If I had found out I was pregnant within the first year or so of my marriage, I probably would have cried unhappy tears and grimly braced myself for the end of life as I knew it. I was fresh out of college, ready to change the world, and not prepared to have kids.

During that year, my husband and I were using natural family planning (NFP), a method of tracking a woman’s fertility signs and abstaining from sex during fertile phases to avoid pregnancy. NFP is commonly considered a traditional Catholic practice, although today a growing number of evangelicals, leadership and lay, are leaning towards it as they rethink contraception. I had suggested we do NFP simply because none of the other contraceptive methods felt right to me. In the process of taking a class and doing NFP, however, the practice took on deeper significance as a type of spiritual discipline.

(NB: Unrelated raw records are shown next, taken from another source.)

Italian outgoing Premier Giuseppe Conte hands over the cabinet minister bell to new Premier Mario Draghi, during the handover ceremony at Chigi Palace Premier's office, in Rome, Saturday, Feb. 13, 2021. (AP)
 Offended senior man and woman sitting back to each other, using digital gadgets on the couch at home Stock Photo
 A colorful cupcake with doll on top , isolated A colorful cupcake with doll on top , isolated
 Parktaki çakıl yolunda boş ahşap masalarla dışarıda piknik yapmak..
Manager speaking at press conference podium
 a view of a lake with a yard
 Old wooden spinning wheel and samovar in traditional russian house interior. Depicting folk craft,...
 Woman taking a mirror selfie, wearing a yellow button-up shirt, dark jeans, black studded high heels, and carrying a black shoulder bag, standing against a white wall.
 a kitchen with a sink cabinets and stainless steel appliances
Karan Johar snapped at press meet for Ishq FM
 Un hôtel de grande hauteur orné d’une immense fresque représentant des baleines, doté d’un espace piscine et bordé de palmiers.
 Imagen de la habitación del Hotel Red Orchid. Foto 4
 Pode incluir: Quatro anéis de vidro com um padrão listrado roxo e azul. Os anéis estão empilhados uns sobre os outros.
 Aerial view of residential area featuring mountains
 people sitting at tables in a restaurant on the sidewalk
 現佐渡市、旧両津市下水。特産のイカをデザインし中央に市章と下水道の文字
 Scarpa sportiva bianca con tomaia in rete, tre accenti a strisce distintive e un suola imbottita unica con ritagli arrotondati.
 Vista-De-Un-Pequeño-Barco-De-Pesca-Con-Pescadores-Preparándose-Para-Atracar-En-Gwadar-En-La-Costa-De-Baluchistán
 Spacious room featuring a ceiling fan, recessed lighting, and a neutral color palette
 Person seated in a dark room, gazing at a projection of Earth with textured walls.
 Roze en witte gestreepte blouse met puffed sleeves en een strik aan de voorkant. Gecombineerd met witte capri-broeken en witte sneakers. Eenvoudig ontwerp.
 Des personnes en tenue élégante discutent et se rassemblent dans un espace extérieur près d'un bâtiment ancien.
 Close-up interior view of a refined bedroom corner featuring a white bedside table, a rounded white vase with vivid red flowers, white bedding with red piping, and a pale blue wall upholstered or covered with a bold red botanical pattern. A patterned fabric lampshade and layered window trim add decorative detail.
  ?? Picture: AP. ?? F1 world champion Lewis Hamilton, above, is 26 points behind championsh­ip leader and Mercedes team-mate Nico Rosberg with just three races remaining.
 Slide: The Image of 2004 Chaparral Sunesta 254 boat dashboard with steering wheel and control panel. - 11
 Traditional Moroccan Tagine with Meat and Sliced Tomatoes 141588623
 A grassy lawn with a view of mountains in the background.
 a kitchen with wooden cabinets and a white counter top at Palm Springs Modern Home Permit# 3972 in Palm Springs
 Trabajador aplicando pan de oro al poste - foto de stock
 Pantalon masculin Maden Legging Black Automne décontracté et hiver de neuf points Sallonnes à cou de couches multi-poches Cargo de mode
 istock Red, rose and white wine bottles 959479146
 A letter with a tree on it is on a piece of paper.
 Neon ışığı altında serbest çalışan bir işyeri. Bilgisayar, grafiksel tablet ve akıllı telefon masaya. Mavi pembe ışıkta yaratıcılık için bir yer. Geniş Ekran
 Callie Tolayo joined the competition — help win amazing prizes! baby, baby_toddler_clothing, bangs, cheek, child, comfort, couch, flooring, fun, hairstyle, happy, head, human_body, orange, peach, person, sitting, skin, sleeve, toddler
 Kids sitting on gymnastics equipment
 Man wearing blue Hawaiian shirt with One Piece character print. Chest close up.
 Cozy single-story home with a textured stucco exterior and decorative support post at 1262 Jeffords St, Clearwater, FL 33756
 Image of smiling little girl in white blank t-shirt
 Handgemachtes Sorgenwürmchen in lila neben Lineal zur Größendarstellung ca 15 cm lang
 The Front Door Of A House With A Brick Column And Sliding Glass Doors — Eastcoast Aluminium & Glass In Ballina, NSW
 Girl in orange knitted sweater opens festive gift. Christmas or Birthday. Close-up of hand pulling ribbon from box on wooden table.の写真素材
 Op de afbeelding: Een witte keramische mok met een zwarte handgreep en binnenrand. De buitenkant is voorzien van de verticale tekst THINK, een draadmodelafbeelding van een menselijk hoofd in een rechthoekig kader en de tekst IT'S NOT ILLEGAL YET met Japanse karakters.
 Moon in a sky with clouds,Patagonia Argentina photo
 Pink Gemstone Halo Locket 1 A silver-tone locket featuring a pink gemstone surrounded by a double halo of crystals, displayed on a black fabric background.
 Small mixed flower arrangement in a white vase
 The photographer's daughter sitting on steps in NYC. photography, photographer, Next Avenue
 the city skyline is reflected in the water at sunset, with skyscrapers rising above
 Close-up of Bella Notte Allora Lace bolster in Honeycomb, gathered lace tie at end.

I think of a spiritual discipline as an intentional way of creating space for God. Different people may find that different spiritual disciplines work for them, and different seasons of life may call for different spiritual disciplines. In that newlywed season when I was wrestling with what it meant to join my life and calling to that of another person, practicing NFP became a way for me to give God the permission to rattle up my life.

I knew what I wanted – to go to graduate school, travel the world, and eventually write books. Having a baby didn’t seem to further any of those goals. It would have been easy enough to reach out my hand and close the door on that seeming intrusion by using some other, surer form of contraception, but I felt it would be good for my soul to leave the door open – just a crack.

It’s not that NFP isn’t as effective as other forms of birth control. According to our NFP textbook, it is over 99 percent effective if done correctly. But I wasn’t completely sure of my own reading of fertility signs, or of our ability to always abstain during the fertile stretch. And in an age where medicine offers us a myriad of pills, patches, shots, and instruments to keep us from becoming pregnant, NFP isn’t always brought up as an option or trusted by young couples. After all, it is not the convenient, quick fix we so often look for. Instead, we must think about it and do a bit of work. In Christian lingo, NFP is “intentional.”

Just a few years (and one baby) later, we are no longer using NFP, but our experience with this method continues to shape how I approach sex and reproduction. NFP brought an increased awareness that having sex could lead to children. It forced me to wrestle with this reality more on a regular basis, rather than opt out of that consequence more easily. NFP also taught me to relinquish control (or better said, recognize I didn’t have it to begin with) through honoring the mystery of the human body. Based on the Theology of the Body teachings by Pope John Paul II, NFP advocates a profound respect for the human body as the outward manifestation of the human person. I think in some cases Theology of the Body can be taken too far, equating biological function with role and identity. But I agree with the core premise that there is something sacred about our bodies’ design and function, not to be meddled with lightly.

As my husband and I learned about the intricate workings of our own reproductive systems through our NFP class, it became clearer just how beyond our reckoning the whole baby-making business really is. Even if we timed intercourse just right within 24 hours of ovulation, there is just a little over 30 percent chance that one of the millions of sperm will join the egg and create a new human life. Yet every day tens of thousands of children are conceived to parents who don’t plan for them. And tens of thousands of couples yearn for children that haven’t come.

This is not to say we should just throw up our hands at any kind of family planning. As this summer’s Hobby Lobby decision and the subsequent conversations on women’s rights and women’s health made clear, women’s decision to use or not use birth control is a deeply personal one dependent on many factors. But when we do family plan, we should recognize that our bodies are not machines that we can manipulate at will. We can try to avoid or achieve pregnancy, but in the end, it is God who sustains our bodies and who gives new life. This truth can be easily obscured with all the medical advances that promise to give us mastery over our reproductive powers, whether by sealing off or letting loose.

One day shortly before our one-year anniversary, I searched my heart and realized that a child no longer seemed like an intrusion to my life plans, but a welcome addition. I think leaving that crack in the door open for God through practicing NFP had something to do with this change of heart.